Trabalhar sem vínculos com o patrão só seria bom negócio para a mão de obra qualificada – parte ínfima da força de trabalho nacional

Por Guilherme Eler
Atualizado em 26 nov 2018, 15h15 - Publicado em 26 nov 2018, 14h24

Quatro em cada dez funcionários brasileiros já vivem essa realidade. Segundo o IBGE, o número de empregos sem carteira assinada ou por conta própria superou o total de vagas formais em 2017. Hoje, são 37 milhões de pessoas para quem “CLT”, na prática, é nada além de uma combinação aleatória de letras do alfabeto.

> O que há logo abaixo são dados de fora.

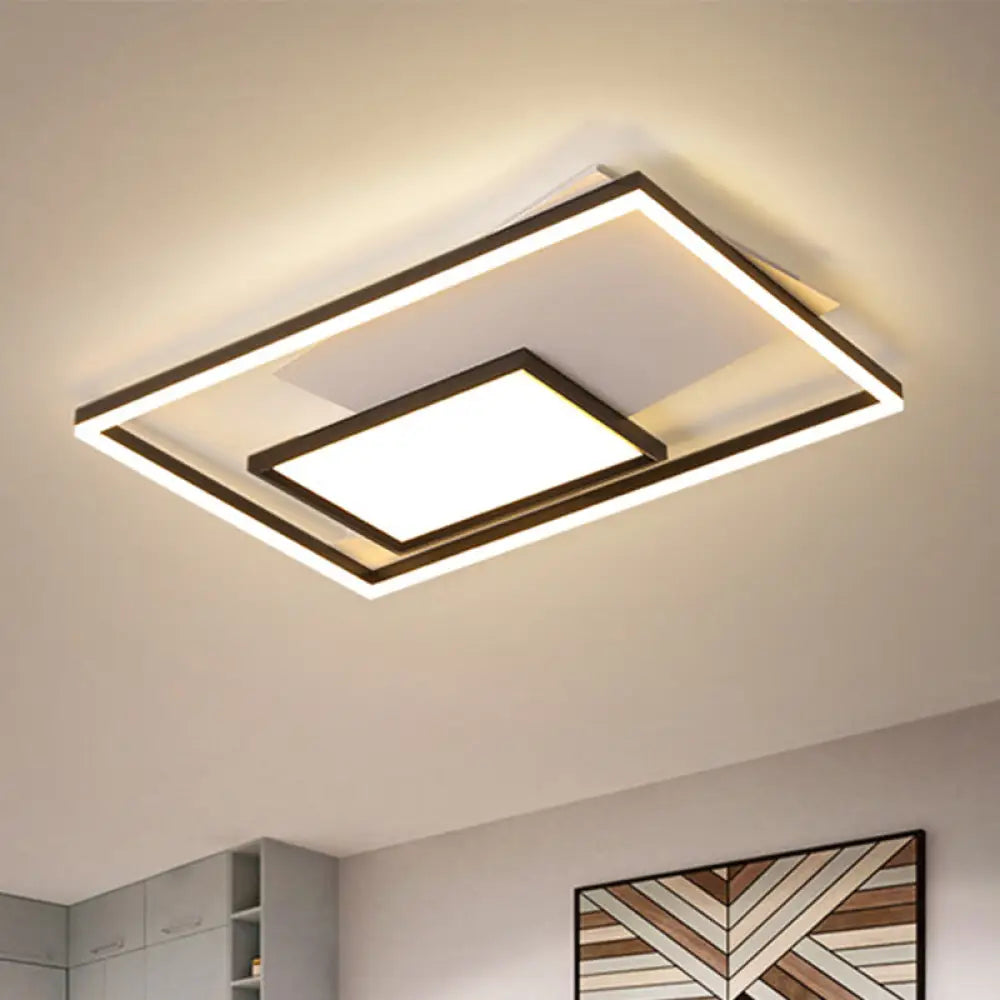 Flush Mount Led Rectangle Ceiling Light Black - White / 35.5’ White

A Consolidação das Leis do Trabalho diz quantas horas alguém deve trabalhar, indica o mínimo que precisa receber, estabelece benefícios básicos (como FGTS ou vale-transporte) e determina os impostos que patrão e funcionário têm que pagar.

Pensar em um cenário em que nada disso existisse, no entanto, não significa necessariamente extinguir por completo qualquer direito. Bom, pelo menos, para a mão de obra mais qualificada.

“O mercado de trabalho funcionaria como um mercado de tomates: tenho um produto, que é minha força de trabalho, e troco com alguém por dinheiro”, explica Carlos Alberto Ramos, professor de economia da UnB (Universidade Federal de Brasília).

Bons engenheiros, economistas, gestores e especialistas em geral seriam os tomates exóticos, como aqueles que nascem nos pés do Vesúvio, em Nápoles, e que as pizzarias caras disputam a tapa. Esses seguiriam tão disputados quanto hoje – e provavelmente ganhariam mais.

Dados da Fundação Getúlio Vargas (FGV-SP) mostram que salários correspondem a míseros 43% das despesas que um funcionário gera para a empresa. Ou seja, somando todos os impostos e encargos, um trabalhador custa duas vezes o dinheiro que ganha. É natural que, para os tomates que vão a leilão no mercado, uma parte considerável desse extra termine nos bolsos deles. Empresas nas quais o capital intelectual é importante tenderiam a aplicar a diferença para investir em funcionários mais qualificados.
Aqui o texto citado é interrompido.